# Install FreeBSD9.1 on HP Proliant DL160 Gen8



## perzzoffka (Feb 1, 2013)

Whether supports operating system is a network controller HP ns361i embedded in the server?
In Hardware Notice this controller is not found.


----------



## perzzoffka (Feb 1, 2013)

sorry,incorrectly written


> operating system


FreeBSD 9.1


> hp ns361i


hp nc361i


----------



## gqgunhed (Feb 1, 2013)

I am not sure if the NIC is supported under FreeBSD. 

I checked 9.1 supported hardware#ETHERNET and from there hopped into http://www.freebsd.org/cgi/man.cgi?query=bce&sektion=4&manpath=FreeBSD+9.1-RELEASE, but these are only the 382i that were part of the HP ProLiant DL380 Generation 7 (G7).

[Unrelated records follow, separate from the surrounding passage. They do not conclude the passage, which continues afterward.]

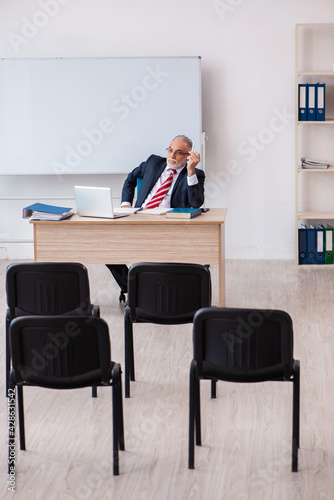 Old male business couch in the classroom during pandemic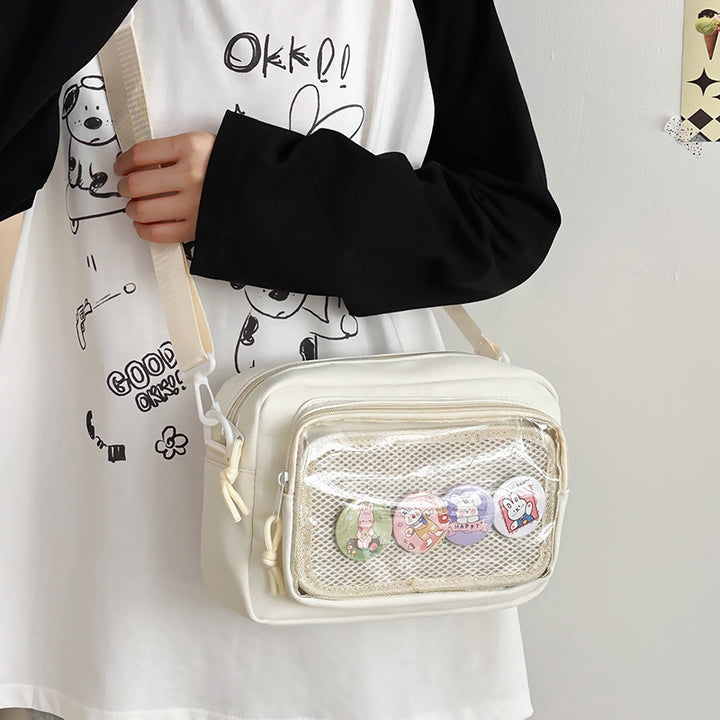 Shoulder bag with transparent viewing pocket and playful graphic design Bowlift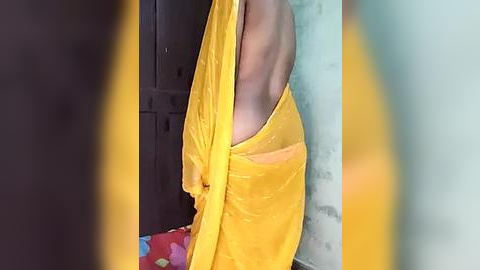 Media: Video of a person wearing a yellow saree, draped over the right shoulder, revealing the back. Background features a dark locker, colorful towel, and a white wall. The image is slightly blurry, with yellow and green borders.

Perhaps you can extract some information about the chipset used by the HP 361i Integrated Dual Port Gigabit Server Adapter. 
It should be comparable with the (add-on card) HP Ethernet 1Gb 2-port 361T Adapter / part no.
652497-B21 (QuickSpecs)

Maybe this information is at least of some help for you.


----------



## perzzoffka (Feb 1, 2013)

Unfortunately the server will insert an additional controller. Thanks for the info.


----------